我们以DQN为例介绍使用Pacman SDK中的Gym Environment进行深度强化学习训练的流程。

首先我们设计对局面的表示。此处的实现为将棋盘、幽灵位置、卷王位置和出口位置构成的四通道二维张量和将游戏阶段、回合数、棋盘大小和出口是否激活重复十次构成的一维向量作为一个局面的表示。该表示可以通过state_dict_to_tensor方法由step函数返回的state获得。

接着使用pytorch实现动作价值网络（此处仅展示Pacman动作价值网络的实现）：

# model.py
class PacmanNet(nn.Module):
    def __init__(self, input_channel_num, num_actions, extra_size):
        super().__init__()
        self.channels = input_channel_num
        self.embeddings = nn.ModuleList(
            [nn.Embedding(9, 16) for _ in range(input_channel_num)])
        self.conv1 = nn.Conv2d(64, 64, kernel_size=8, stride=4)
        self.conv2 = nn.Conv2d(64, 64, kernel_size=4, stride=2)
        self.bn = nn.BatchNorm2d(64)
        self.conv3 = nn.Conv2d(64, 64, kernel_size=3, stride=2)

        self.encoder = nn.Linear(extra_size, 64)

        self.fc1 = nn.Linear(64, 32)
        self.fc2 = nn.Linear(32, num_actions)

    def forward(self, x, y):
        B, C, H, W = x.shape
        embedded_channels = []
        for i in range(self.channels):
            flattened_channel = x[:, i, :, :].view(B, -1).long()
            embedded_channel = self.embeddings[i](flattened_channel)
            embedded_channel = embedded_channel.view(
                B, 16, H, W)
            embedded_channels.append(embedded_channel)
        # Concatenate along the channel dimension
        x = torch.cat(embedded_channels, dim=1)

        x = F.relu(self.conv1(x))
        x = F.relu(self.conv2(x))
        x = self.bn(x)
        x = F.relu(self.conv3(x))
        y = F.sigmoid(self.encoder(y))
        x = x.view(x.size(0), -1)
        x = F.relu(self.fc1(x+y))
        return self.fc2(x)

随后实现epsilon-greedy采样：

# train.py

# epsilon-greedy policy for rollout
def select_action_ghost(state, extra, epsilon, policy_net):
    if np.random.rand() < epsilon:
        return np.random.randint(size=3, low=0, high=4)
    else:
        with torch.no_grad():
            values = policy_net(
                state.to(device), extra.to(device)).reshape(-1, 5)
            # print(f"{values.shape=}")
            return torch.argmax(values, dim=1).cpu().numpy()

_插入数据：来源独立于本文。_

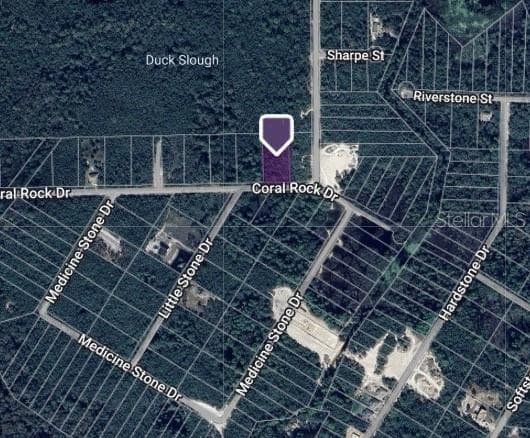 CORAL ROCK DRIVE WEBSTER, FL 33597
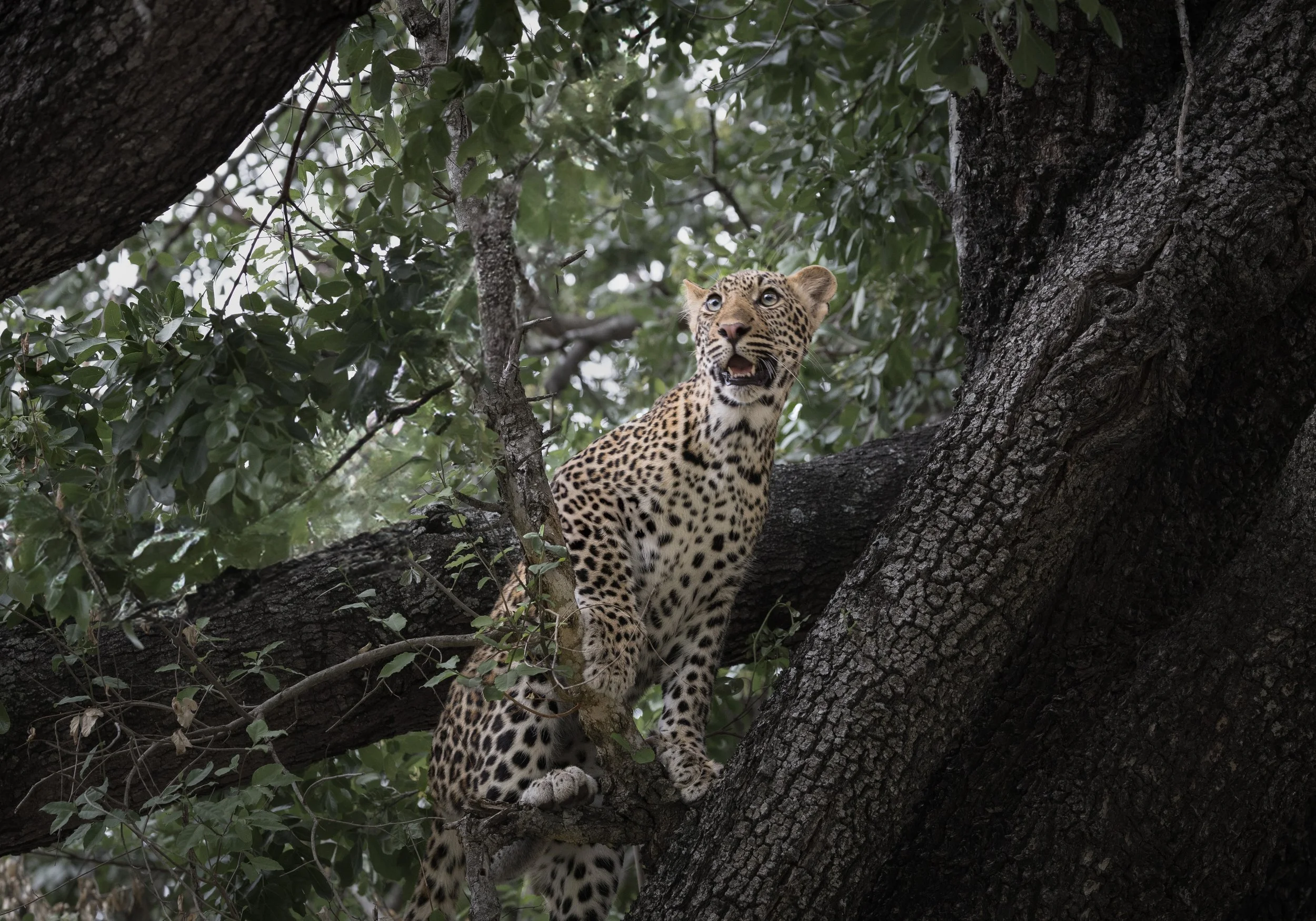 Londolozi Dec 2024 - Theee Rivers Young Female Leopard - Canon R6ii 150mm f/5.6 1/160s ISO 2500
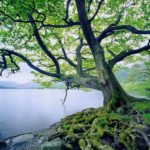 tree 2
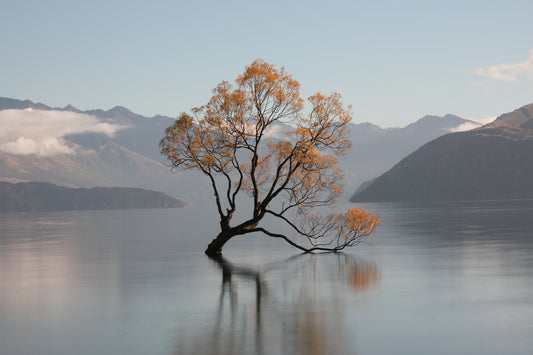 Guided Wanaka Tour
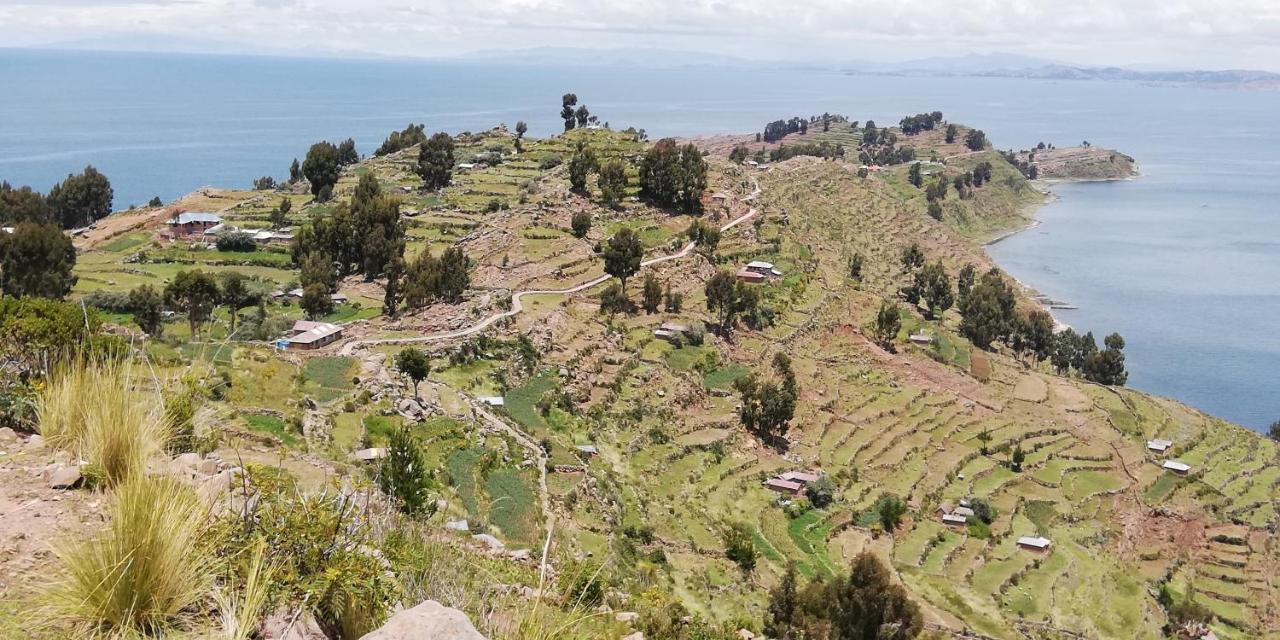 Taquile Hospedaje Mario Huillanopampa Buitenkant foto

def select_action_pacman(state, extra, epsilon, policy_net):
    if np.random.rand() < epsilon:
        return np.random.randint(low=0, high=4)
    else:
        with torch.no_grad():
            return torch.argmax(policy_net(state.to(device), extra.to(device))).cpu().item()

最后我们实现Q-learning算法：

# train.py

# training iteration
if __name__ == "__main__":
    num_episodes = 1000
    epsilon = EPSILON_START
    for episode in range(num_episodes):
        state = env.reset(mode="local")
        state, extra = state_dict_to_tensor(state)
        # print(state.shape, extra.shape)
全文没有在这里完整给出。